→ **Data shown**
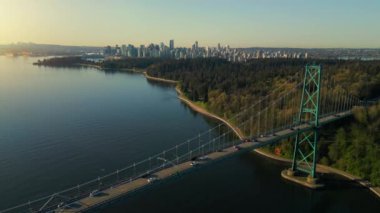 Şafakta Lions Gate Köprüsü ve Stanley Parkı 'nın havadan görüntüsü. Arka planda Vancouver şehir merkezi var. Britanya Kolombiyası Kanada.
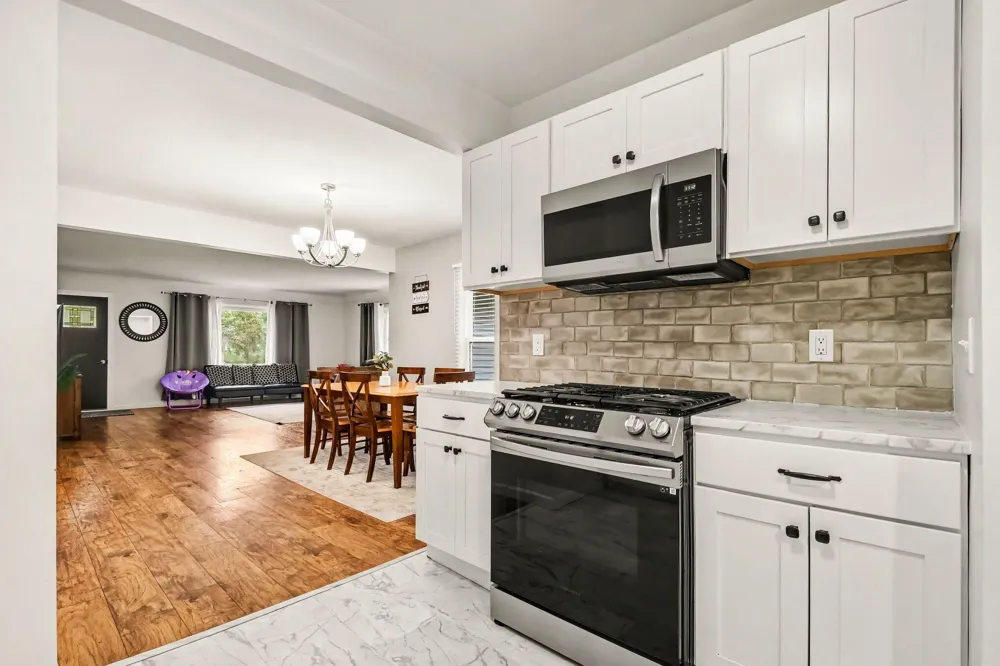 4833 Wakefield Avenue NE Plainfield Charter Township, MI 49321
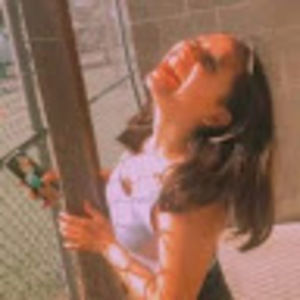 Meet your Posher, Emi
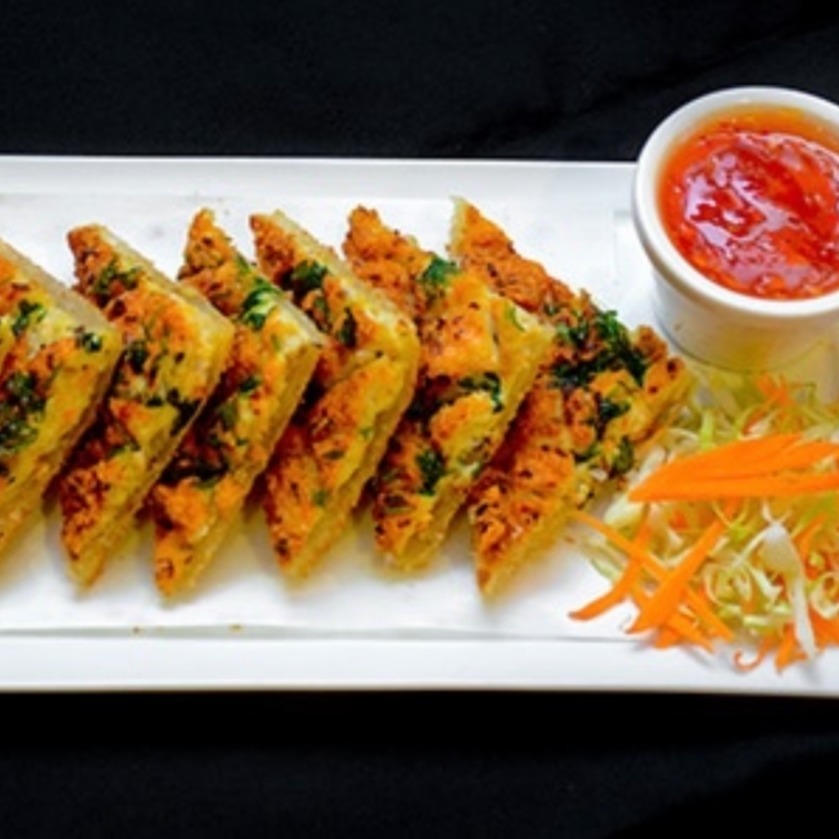 Asian Kitchen | Chicken Thai Toast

→ **Exercise details**
Reproduce the whole of the data, word for word, and omit its pictures.

→ **Task response**
 Şafakta Lions Gate Köprüsü ve Stanley Parkı 'nın havadan görüntüsü. Arka planda Vancouver şehir merkezi var. Britanya Kolombiyası Kanada.
 4833 Wakefield Avenue NE Plainfield Charter Township, MI 49321
 Meet your Posher, Emi
 Asian Kitchen | Chicken Thai Toast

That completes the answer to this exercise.